Since altruism holds that sacrificing oneself for the sake of others is man’s highest moral duty and any concern whatsoever with one’s self is condemned as selfish therefore evil, I wondered what it would be like to live in a society where the concept trade and all related concepts were outlawed. It would mean I think that such concepts as buy and sell would also be taboo. It would be a society in which people could only present their needs to each other. How would that work?Well, let’s say you needed a shirt. You can’t want a shirt. That’s selfish=evil. You can only need one. So you go to a store? Nope. ‘Store’ is a concept that refers to a marketplace which everyone knows is a cauldron of self-interest=evil. You look for a sign saying something like ‘clothing sacrifices.’ You go in and present your need to the public sacrificer behind the counter. “I am in need of a shirt” you might say. “There are two racks of shirts over there” says the public sacrificer “See if one of them satisfies your need.” So you find one that does and say “Thank you for servicing my need.” He then replies “I have a need also.” “For what” you inquire. “For $19.95” he pleads.
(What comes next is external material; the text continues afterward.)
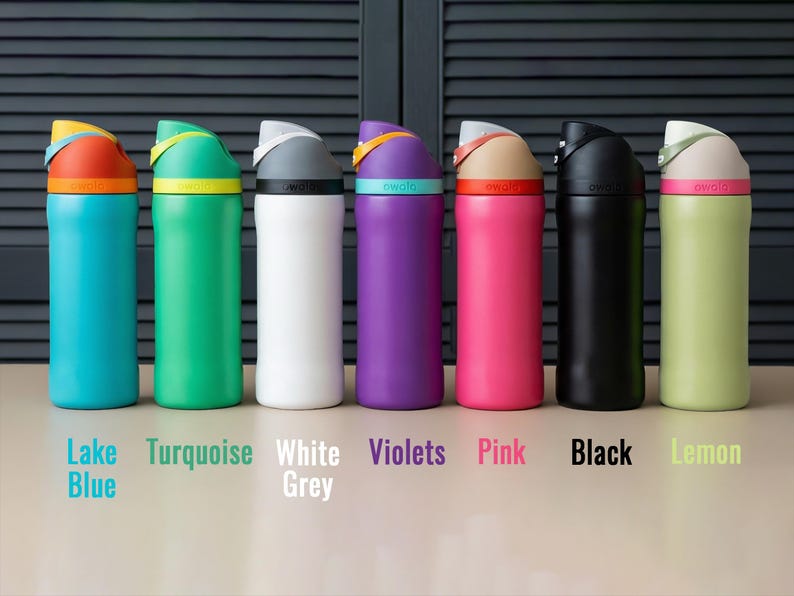 May include: A row of insulated water bottles in various colors: Lake Blue, Turquoise, White Grey, Violets, Pink, Black, and Lemon. Each bottle has a colored lid and a matching colored band around the base of the lid. The brand name is printed on the band.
Because you truly believe that sacrifice is moral and you truly want to be moral, you pony up the funds.

But suppose you don’t have enough money or feel that he shouldn’t want a sacrifice in return and try to walk out with the shirt. “Wait” shouts the public sacrificer. “I sacrificed for you so you had better sacrifice for me.” “Not so” you retort. “St Ambrose said you don’t do the poor man a favor by giving him your property. You are giving him that which is rightfully his. I need this shirt so it is rightfully mine.” “Yes” the public sacrificer concedes. But I need your $19.95 so that makes it rightfully mine so fork it over or I’ll call the ethics police and have you arrested for selfishness and refusing to sacrifice to the needy.” Fearing jail, you hand over the funds.

I could go on with this imaginary reality but even this reality would be impossible since sacrificing means giving up values and receiving nothing in return for the sacrificer. It would mean that the clothing sacrificer would have to hope someone would come in and sacrifice money to service his need. Since few would, no more clothing would be produced. Everyone suffers.

Notice the nature of the transaction. You lose $19.95. He loses a shirt. A lose/lose event. The moral emphasis is on losing values i.e. suffering. Free trade however puts the moral emphasis on gaining values. You value the shirt more than the $19.95 and he values the $19.95 more than the shirt. Everyone wins because everyone gains a value for himself. It is the gaining of values that altruism, the morality of sacrifice, condemns and seeks to destroy.

3 Comments so far ↓

  • c andrew

    Hi Mike,
    For a slightly different take on altruism and capitalism, take a look at this speech by George Gilder.

  • c andrew

    And they say that Rand exaggerated her villains in Atlas Shrugged.

    It also demonstrates exactly how collectivism in the political sphere rises out of altruism in the ethical sphere.

    I particularly like her logic that since we have used force to educate people and build roads -which you have no choice about using – you have no beef when we continue to use force against you. Kinda like the positive affirmation, “NO! I will continue BEATING MY WIFE.”